→ What the exercise asks
Would you copy the records below, exactly and only from their first line through the line containing "Liquid paint. Sparkling", without any pictures?

→ Dataset extract
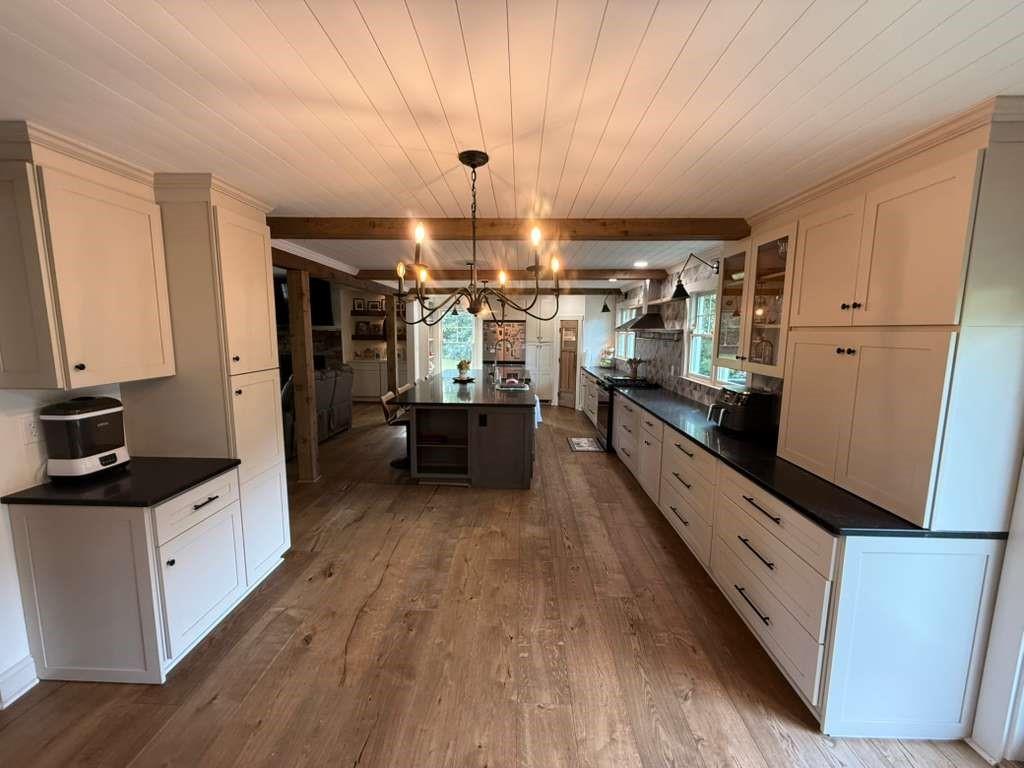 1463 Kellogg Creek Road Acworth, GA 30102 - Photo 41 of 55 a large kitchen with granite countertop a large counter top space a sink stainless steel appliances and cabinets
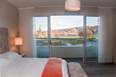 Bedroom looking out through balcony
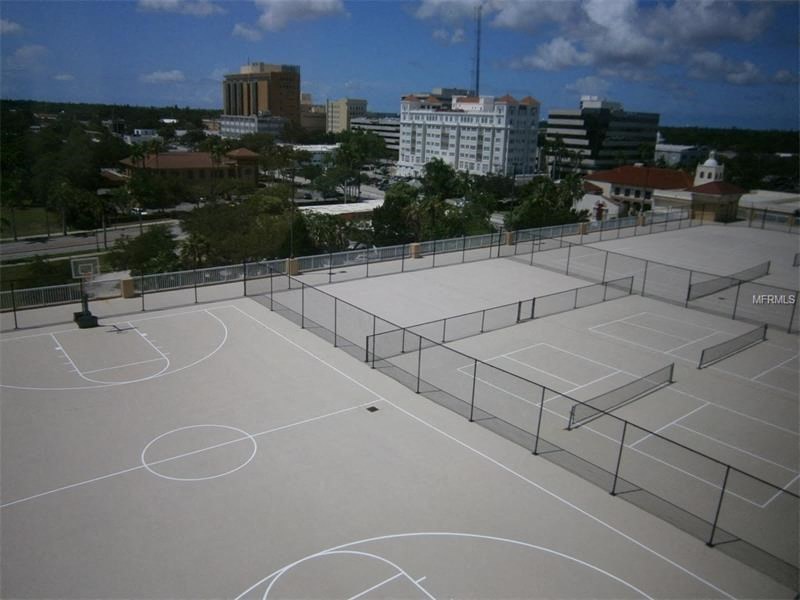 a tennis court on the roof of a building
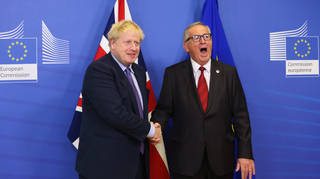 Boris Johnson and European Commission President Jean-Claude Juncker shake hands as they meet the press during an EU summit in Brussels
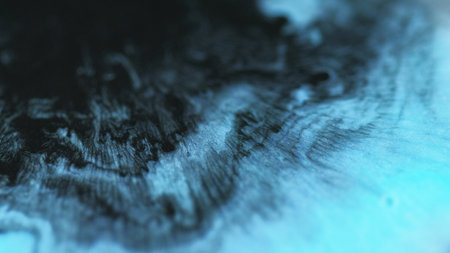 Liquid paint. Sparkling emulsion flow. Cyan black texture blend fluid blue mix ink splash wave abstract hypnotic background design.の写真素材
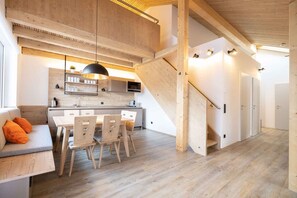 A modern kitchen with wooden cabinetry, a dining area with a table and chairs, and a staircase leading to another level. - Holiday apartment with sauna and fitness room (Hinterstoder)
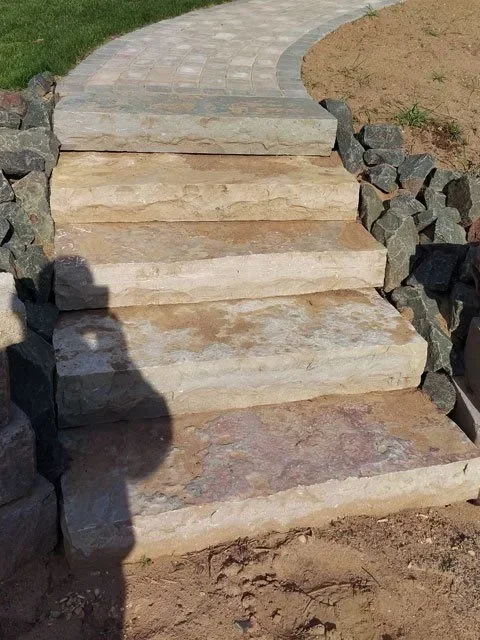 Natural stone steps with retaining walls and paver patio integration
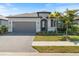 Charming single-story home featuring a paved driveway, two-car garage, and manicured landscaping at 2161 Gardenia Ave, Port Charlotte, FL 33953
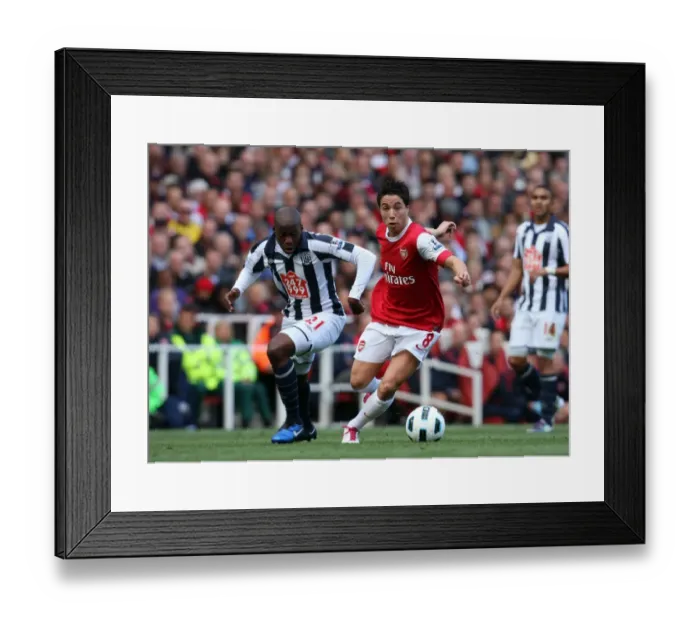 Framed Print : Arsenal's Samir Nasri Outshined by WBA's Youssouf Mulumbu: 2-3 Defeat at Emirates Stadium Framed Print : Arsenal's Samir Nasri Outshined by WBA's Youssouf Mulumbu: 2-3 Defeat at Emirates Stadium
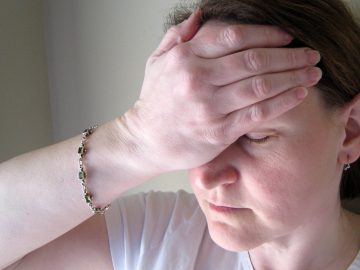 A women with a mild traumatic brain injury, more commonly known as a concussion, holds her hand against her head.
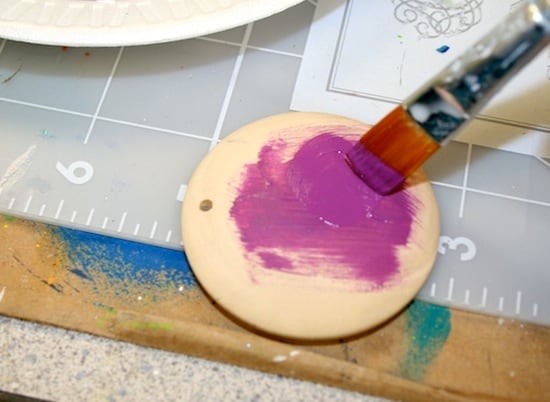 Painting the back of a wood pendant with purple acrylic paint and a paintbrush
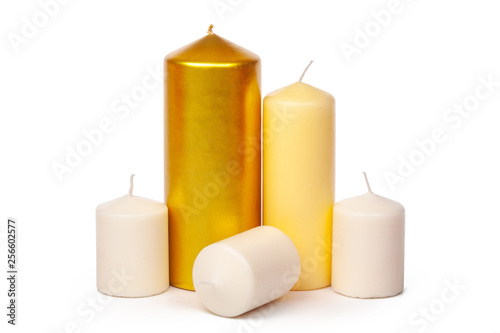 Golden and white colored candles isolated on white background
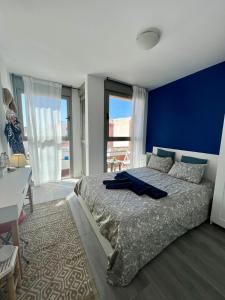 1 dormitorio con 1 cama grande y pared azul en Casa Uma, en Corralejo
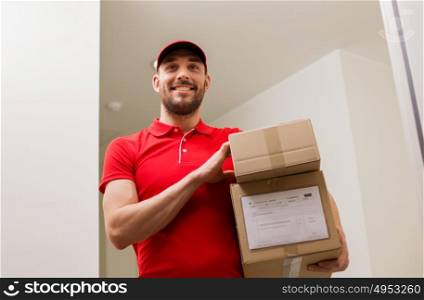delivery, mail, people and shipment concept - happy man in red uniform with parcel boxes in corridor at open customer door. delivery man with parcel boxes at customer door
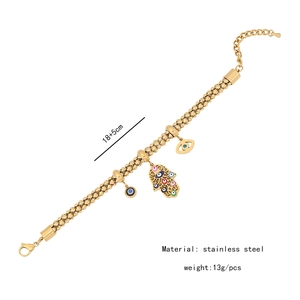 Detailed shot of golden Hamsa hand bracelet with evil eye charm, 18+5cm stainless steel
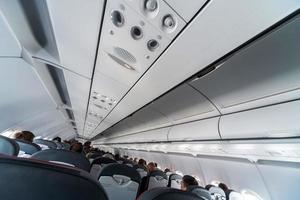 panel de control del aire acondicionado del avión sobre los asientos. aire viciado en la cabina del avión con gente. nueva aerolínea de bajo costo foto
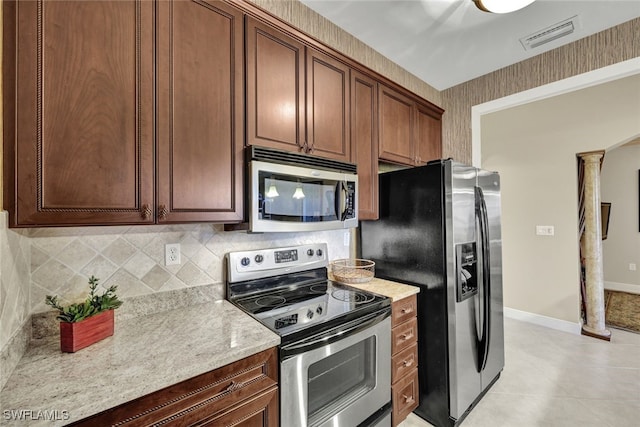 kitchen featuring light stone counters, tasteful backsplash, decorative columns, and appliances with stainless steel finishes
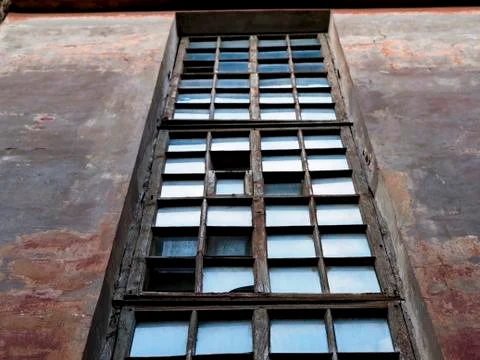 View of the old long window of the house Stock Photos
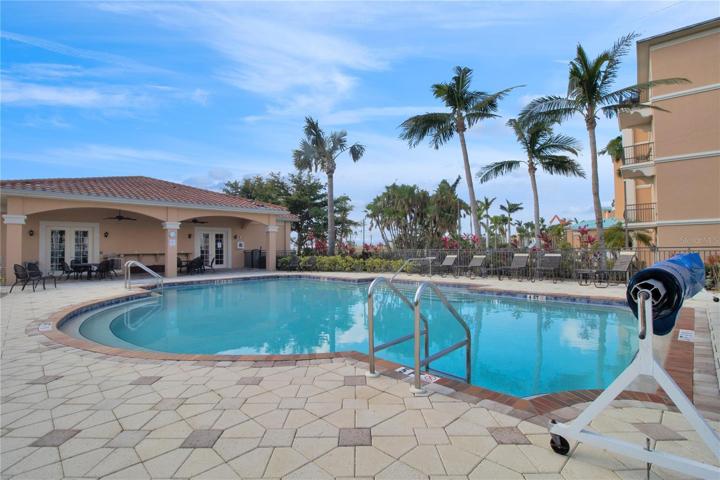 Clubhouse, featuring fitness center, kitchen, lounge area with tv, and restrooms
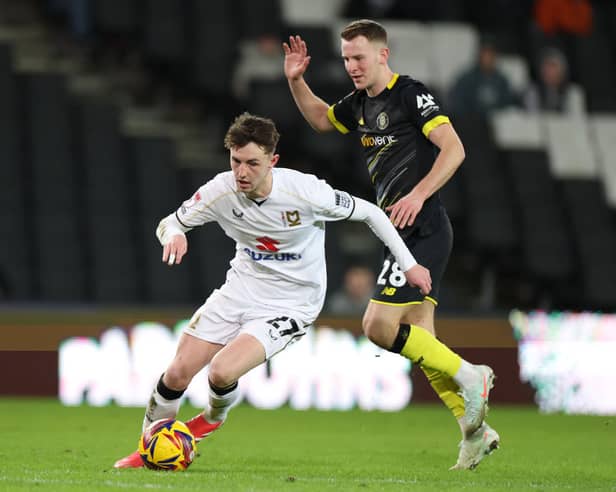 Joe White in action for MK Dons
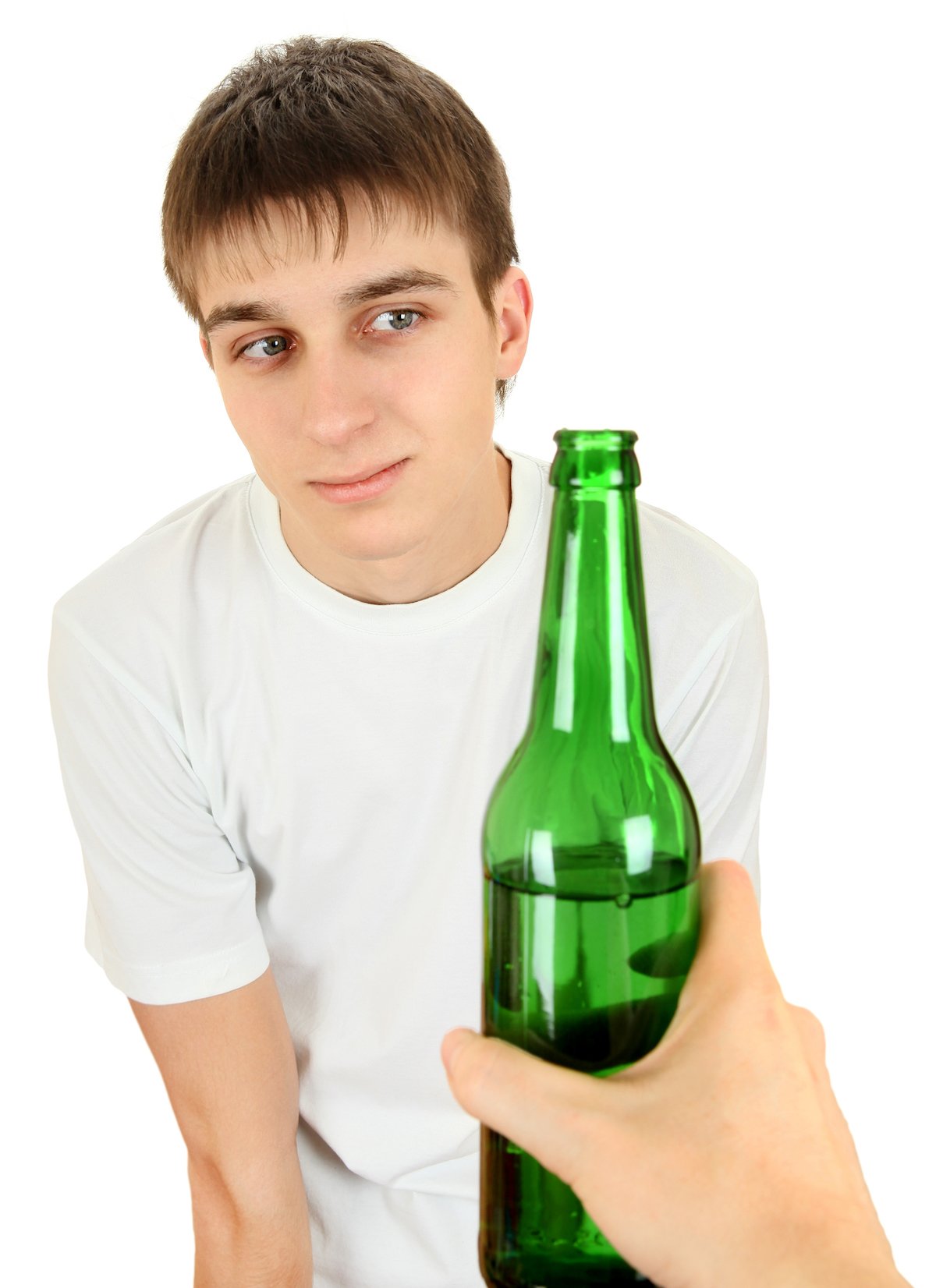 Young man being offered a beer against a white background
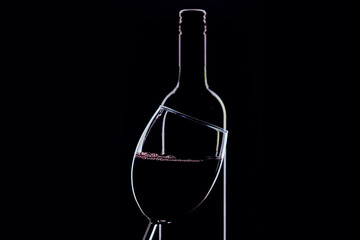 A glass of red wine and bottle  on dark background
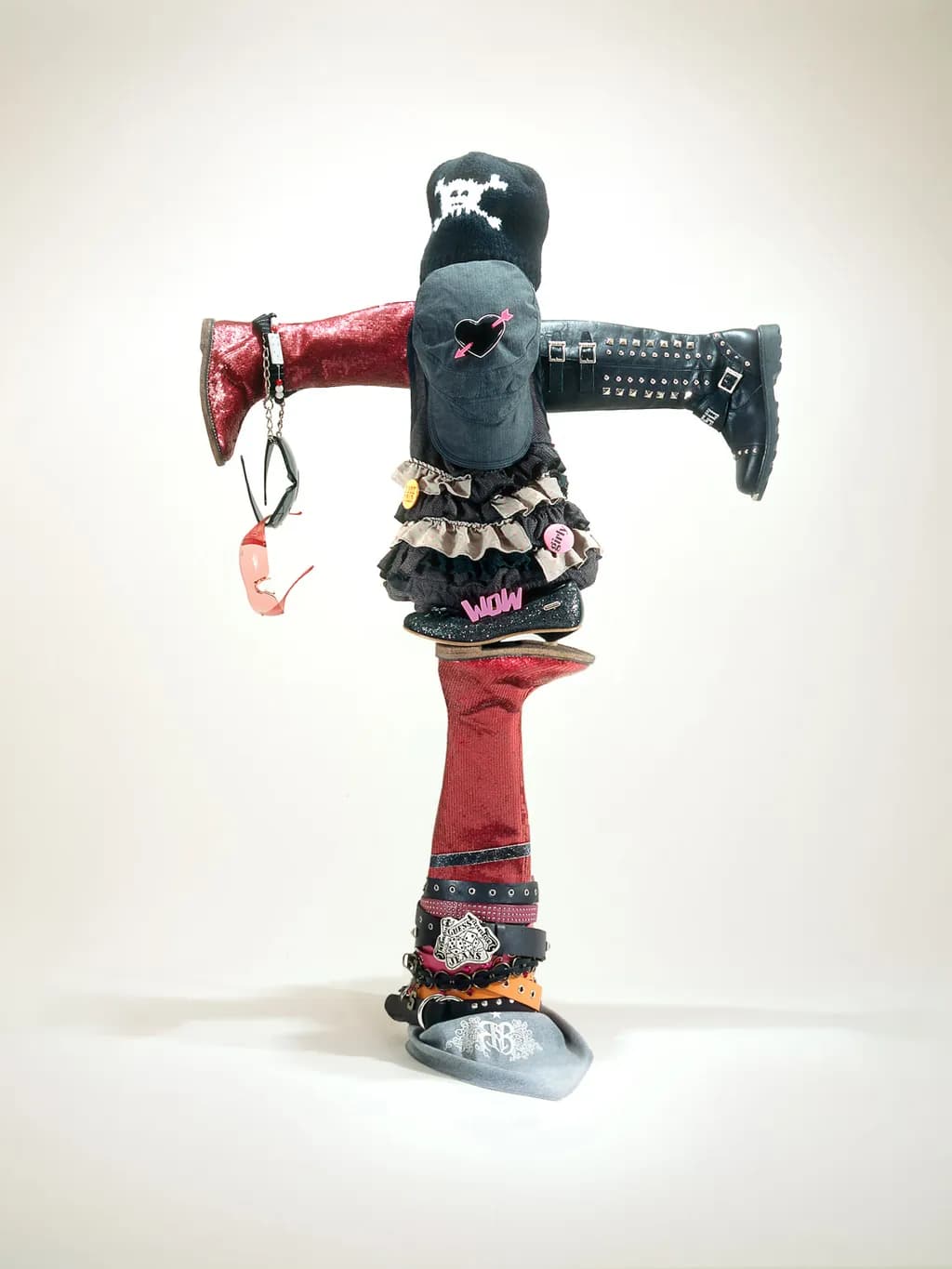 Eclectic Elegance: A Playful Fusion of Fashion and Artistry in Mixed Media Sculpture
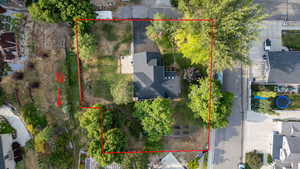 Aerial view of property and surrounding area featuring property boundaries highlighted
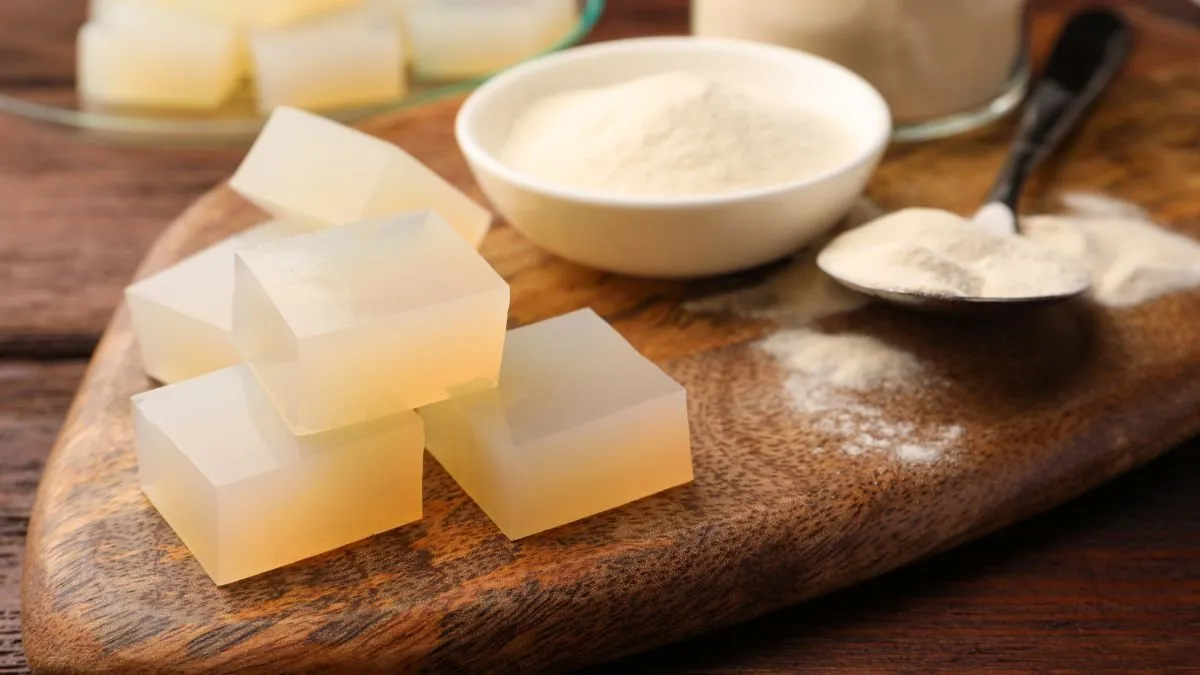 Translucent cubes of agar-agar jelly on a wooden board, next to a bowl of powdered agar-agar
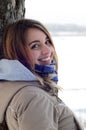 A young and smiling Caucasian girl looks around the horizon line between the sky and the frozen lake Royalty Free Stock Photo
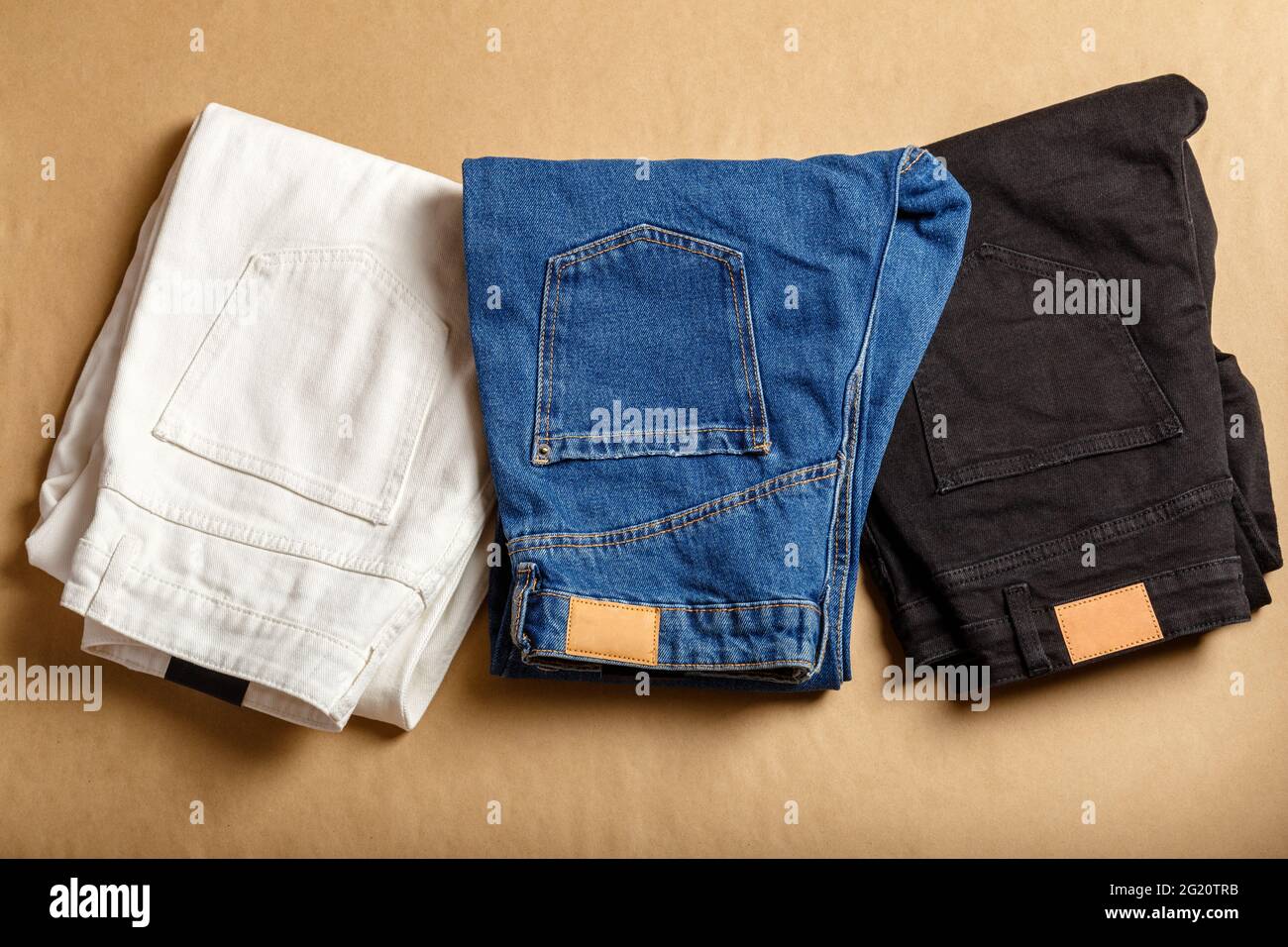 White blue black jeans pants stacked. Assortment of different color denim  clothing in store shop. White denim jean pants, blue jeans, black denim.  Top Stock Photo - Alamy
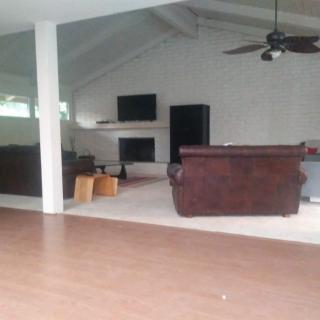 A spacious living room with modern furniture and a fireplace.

→ Output of the exercise
 1463 Kellogg Creek Road Acworth, GA 30102 - Photo 41 of 55 a large kitchen with granite countertop a large counter top space a sink stainless steel appliances and cabinets
 Bedroom looking out through balcony
 a tennis court on the roof of a building
 Boris Johnson and European Commission President Jean-Claude Juncker shake hands as they meet the press during an EU summit in Brussels
 Liquid paint. Sparkling emulsion flow. Cyan black texture blend fluid blue mix ink splash wave abstract hypnotic background design.の写真素材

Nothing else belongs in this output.